Yesterday, my daughter skidded her scooter to a stop next to me and said, “Mama, I gave myself a nickname.” I, of course because that is the best, said, “Oh? What is it?”

“I call myself RR the Explorer!” she announced. If she could have leaned on some reverb, I assure you she would have.

I melted then. I want this small person to be curious and a discoverer and investigate, but all too often it seems that she takes the status quo and settles comfortably into it.

There’s a dinosaur in the dining room, you say? Please give it some breakfast, too.
Hmmm. For some reason my room is blue instead of yellow. Well, that’ll do. Or even,
I’m really unhappy with the choices you gave me but since those are the choices, oh well.

When she was small she used to yell at us  THOSE ARE NOT MY CHOICES! but apparently we’ve either learned to offer the correct choices or she’s becoming complacent. In fact, at mealtimes when offered any sort of choice, she usually says “surprise me!” It’s sometimes exasperating to constantly watch her opt out of making a decision but I console myself with the fact that she accepts whatever you give her so at least she’s not picky about her surprises. This nickname though, it’s an excellent development.

Also, can I add that my daughter was riding a scooter? Because, you guys, that child can do a cartwheel off of a balance beam but she can’t ride anything with wheels. God forbid you ask her to pedal. It’s like you’ve asked her to put each of her markers into the fire one by one. A scooter! We’ve reached the big time!
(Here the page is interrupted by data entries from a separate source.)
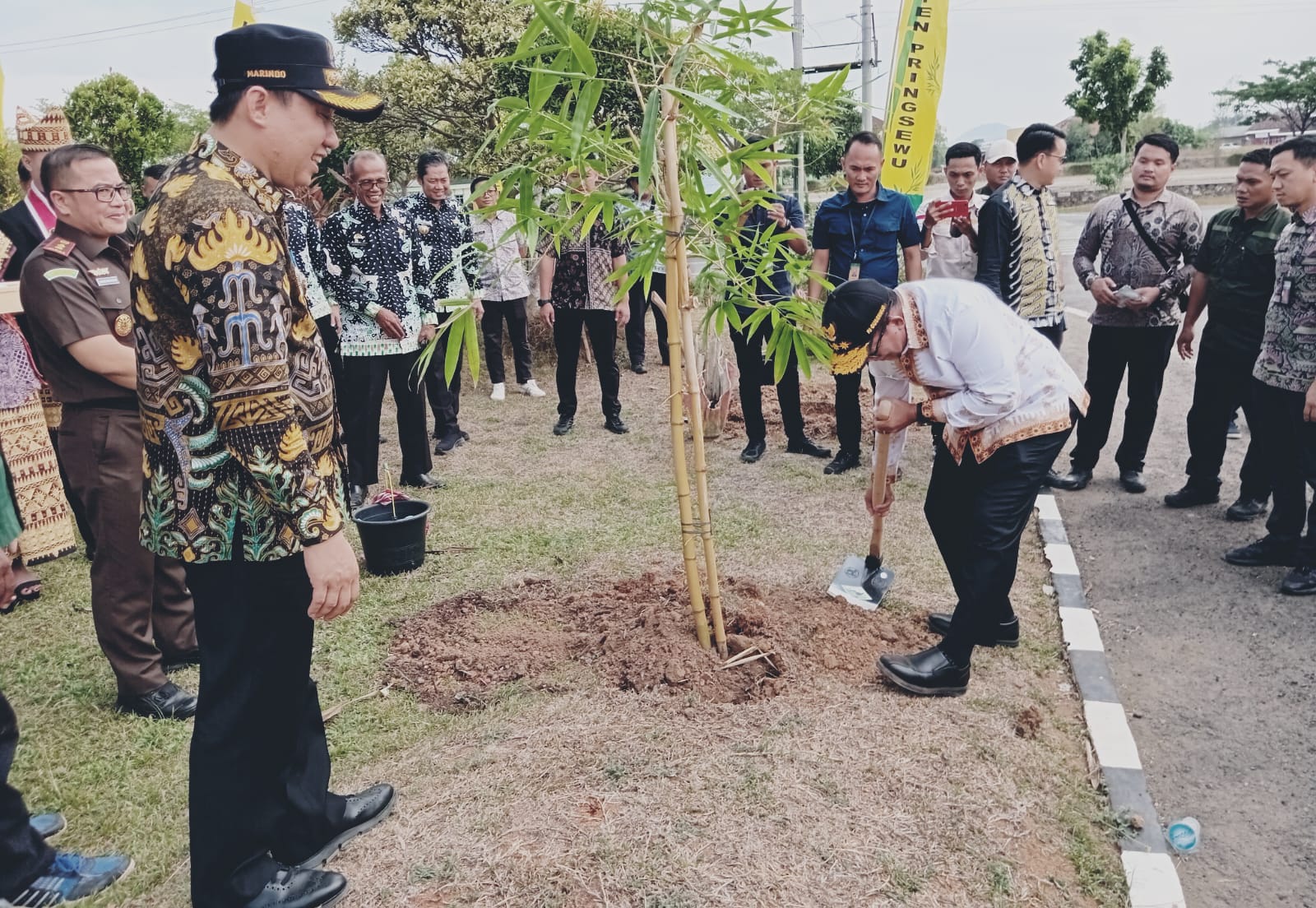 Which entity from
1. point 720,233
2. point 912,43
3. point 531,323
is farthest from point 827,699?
point 531,323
Handling Death at 6 – Practice Session

Three years ago we finally took a deep breath. We moved RR from a good but not right for her preschool to a Montessori school. I worried constantly that summer and through the first year. Would they kick her out when they realized she didn’t care for circle time? Would we get a stern talking to when they discovered she couldn’t, wouldn’t potty train at three? Would she thrive there? Would she finally make friends? Would she learn? Would she be able to transition to public school? Were we making a terrible mistake?
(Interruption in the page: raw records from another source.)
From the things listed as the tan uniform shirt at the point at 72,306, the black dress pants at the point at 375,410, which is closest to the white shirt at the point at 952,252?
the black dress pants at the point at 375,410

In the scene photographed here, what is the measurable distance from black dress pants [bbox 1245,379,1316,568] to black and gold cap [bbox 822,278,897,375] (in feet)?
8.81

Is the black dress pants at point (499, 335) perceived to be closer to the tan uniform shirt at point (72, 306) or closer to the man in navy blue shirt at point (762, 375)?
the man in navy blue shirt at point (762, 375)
We did not. Any fan of Montessori and, more importantly, any fan of our local Montessori would have lovingly patted us on the head to hear our fears but they didn’t because they are fans and there’s no head patting in Montessori. And they were right. Here we are in July, RR has graduated and is too old for their camp. She misses the work. She misses her teachers. We miss them too. And not just because together they made a good Montessori school, but because they are good, kind people.

Good people. People that when we called in tears last Monday to ask for help, to say that our beloved cat was dying, to say that we couldn’t bring RR with us to the vet, to say that our other lifelines (and there are a surprising lot of them) were all elsewhere, they said, bring her to us. We will keep her until you come. How many schools can you call and ask them to take your child?

The point of this post, and it’s a grim one, is that we had to say goodbye to imperfect, frustrating, biting, soft as a bunny, fluffy as a cloud, fun and funny, Sol. While he made it through the first scare, he never really bounced back. After a terrible weekend of staggering and listlessness, the vet confirmed that there was nothing more to do. One giant chunk broke off of my heart.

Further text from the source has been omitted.